■ GOAL OF THE EXERCISE
From the entries below, copy every line that has the word "avec".

******************************

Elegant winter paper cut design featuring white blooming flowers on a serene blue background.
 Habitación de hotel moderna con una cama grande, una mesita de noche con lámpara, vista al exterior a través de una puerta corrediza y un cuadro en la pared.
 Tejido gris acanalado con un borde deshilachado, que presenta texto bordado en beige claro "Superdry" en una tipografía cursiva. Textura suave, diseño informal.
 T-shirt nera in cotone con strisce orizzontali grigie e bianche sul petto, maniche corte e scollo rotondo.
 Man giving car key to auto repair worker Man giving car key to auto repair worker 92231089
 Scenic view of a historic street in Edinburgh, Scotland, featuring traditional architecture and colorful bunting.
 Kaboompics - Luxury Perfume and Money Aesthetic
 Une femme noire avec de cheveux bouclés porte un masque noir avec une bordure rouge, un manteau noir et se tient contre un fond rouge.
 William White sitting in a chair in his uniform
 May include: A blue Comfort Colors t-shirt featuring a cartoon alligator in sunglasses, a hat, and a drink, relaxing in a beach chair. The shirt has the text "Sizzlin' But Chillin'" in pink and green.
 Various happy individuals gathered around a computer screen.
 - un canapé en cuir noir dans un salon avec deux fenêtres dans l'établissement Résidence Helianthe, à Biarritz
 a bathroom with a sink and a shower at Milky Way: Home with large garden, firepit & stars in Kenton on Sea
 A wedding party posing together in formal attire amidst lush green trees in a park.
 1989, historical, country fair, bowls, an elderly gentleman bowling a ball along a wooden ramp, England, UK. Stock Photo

******************************

■ WORKED SOLUTION
 Une femme noire avec de cheveux bouclés porte un masque noir avec une bordure rouge, un manteau noir et se tient contre un fond rouge.
 - un canapé en cuir noir dans un salon avec deux fenêtres dans l'établissement Résidence Helianthe, à Biarritz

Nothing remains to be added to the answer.